Watkins, now general manager of the 24,000-watt station here, is embracing new technology again. This time, it's high-definition digital broadcasts, which boast CD-quality sound and allow stations to transmit extras like real-time stock prices and sports scores to special receivers.
The rollout this year of digital broadcasts at stations across the country caps a 20-year evolution. Disc jockeys long ago dumped vinyl records and audio tape in favor of digital compact discs and computer hard drives, but the last major change in broadcasting was when stations switched to stereo in the 1960s and '70s.
"Digital radio, Watkins said, "will have an even bigger impact."
Maybe. But it may take awhile. Watkins acknowledges that WHUR's $50,000 digital transformation so far can be appreciated by fewer than two dozen people in the area who have shelled out $400 or more for digital receivers.
It's much the same story nationwide as stations invest in new technology and wait for an audience to justify the new gear.
About 80 of the nation's 13,000 stations -- including KKBT-FM, KTNQ-AM, KSCA-FM and KROQ-FM in Los Angeles -- are broadcasting in digital, which was approved by the Federal Communications Commission in October 2002.

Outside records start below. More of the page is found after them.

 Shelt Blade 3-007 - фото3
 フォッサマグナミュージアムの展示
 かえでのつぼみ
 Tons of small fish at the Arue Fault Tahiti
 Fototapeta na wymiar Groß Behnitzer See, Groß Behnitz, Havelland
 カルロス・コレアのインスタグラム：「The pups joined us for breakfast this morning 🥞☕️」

"It's a fundamental change, like the shift from black-and-white TV to color," said Bob Struble, president of IBiquity Digital Corp., a Columbia, Md.-based company that developed and licenses the technology in the United States. "Virtually every other consumer electronics product has already gone digital. Now it's radio's turn."

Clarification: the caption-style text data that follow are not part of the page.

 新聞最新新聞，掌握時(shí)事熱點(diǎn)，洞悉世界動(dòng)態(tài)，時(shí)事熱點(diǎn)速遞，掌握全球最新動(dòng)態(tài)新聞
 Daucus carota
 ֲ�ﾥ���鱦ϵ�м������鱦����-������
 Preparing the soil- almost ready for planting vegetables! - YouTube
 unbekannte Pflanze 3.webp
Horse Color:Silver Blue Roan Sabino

Investors in IBiquity include automaker Ford Motor Co., chip manufacturer Texas Instruments Inc., Walt Disney Co.'s ABC Radio Networks, Clear Channel Communications Inc., Viacom Inc. and 12 other broadcasters.
So far, digital radio's debut seems smoother than that of high-definition television, a digital standard that languished for years after the FCC approved it in the mid-1990s. HDTV's adoption has been hampered by high equipment prices and a protracted industry squabble with the government over the transfer of new airwaves needed to carry the signals.

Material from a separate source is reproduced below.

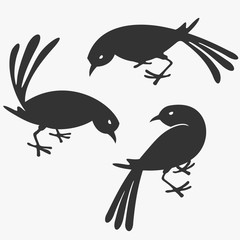 Group of Birds Vector Illustration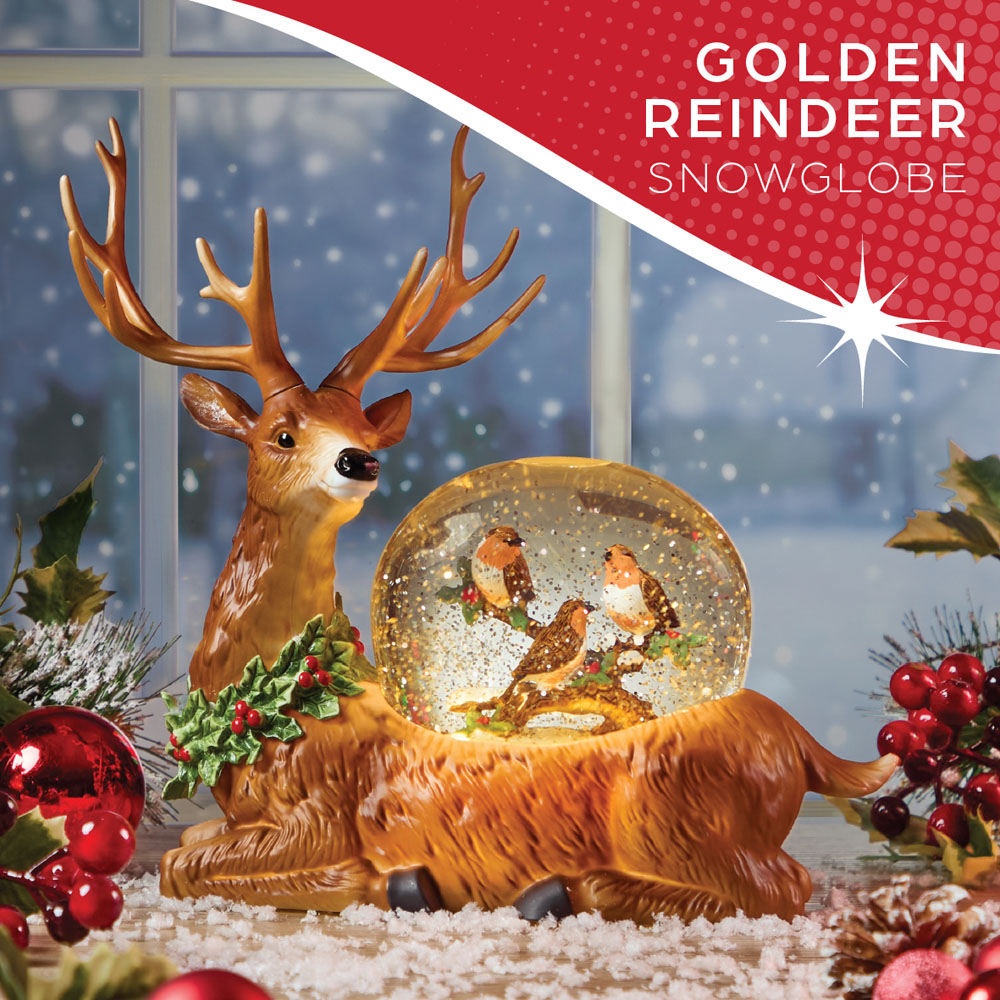 The Christmas Workshop Warm White LED Golden Reindeer and Robin Light Up Snow Globe 26cm Image 4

Radio broadcasters avoided similar problems by agreeing to broadcast digital radio over the same airwaves they use now. And they waited to launch the service until the price of consumer digital technology fell. Analysts expect prices for digital radio receivers to tumble, perhaps by as much as 75% in the next 18 months.
Also, it's cheaper for radio stations to convert from analog to digital -- $30,000 to $100,000, compared with $1 million or more for television stations to upgrade.
"Why should radio be the dinosaurs?" WHUR's Watkins asked as he demonstrated a Kenwood HD receiver in a promotional van parked outside the station's studios.
Experts say digital technology will give traditional radio broadcasters better ammunition to battle an invasion of digital MP3 music players as well as fast-growing alternatives like XM Satellite Radio Holdings Inc., based in Washington, and Sirius Satellite Radio Inc. in New York. Those two companies beam subscription digital content from satellites. Unlike traditional free radio stations, whose signals travel only a few dozen miles or so, satellite services have national reach and have attracted 1.6 million paying customers.
"Clearly, the adoption of digital radio is several years off," but HD radio promises to deliver "major sound quality enhancements" to both FM and AM radio and "allow AM radio to become a more viable music service," said Peter Doyle, audio division chief at the FCC.
Some advertising agencies are eagerly anticipating the technology, especially the text features that could allow a marketer to display a toll-free number or website address while a commercial is running.
"Advertisers are always looking for upgrades," said Irene Katsnelson, director of network radio at Universal McCann, whose clients include Coca-Cola Co., General Motors Corp. and American Airlines.
As seven years of blistering radio industry consolidation winds down, experts say, traditional radio's digital upgrade looms as either the biggest opportunity since the introduction of FM stereo or the latest in a string of sonic innovations rejected by consumers.
The failures include four-channel "quadraphonic sound" in the mid-1970s and AM stereo in the early 1980s.
Radio content is likely to trump sound quality as the key to whether high-definition radio succeeds, experts say.
"Sound quality is only part of the equation," said Michael Gartenberg, a technology analyst at Jupiter Research in Darien, Conn. If HD radio "wants to avoid the same fate as AM stereo and quadraphonic sound, it has got to find compelling content, get the pricing of the equipment down and get the product integrated into automobiles."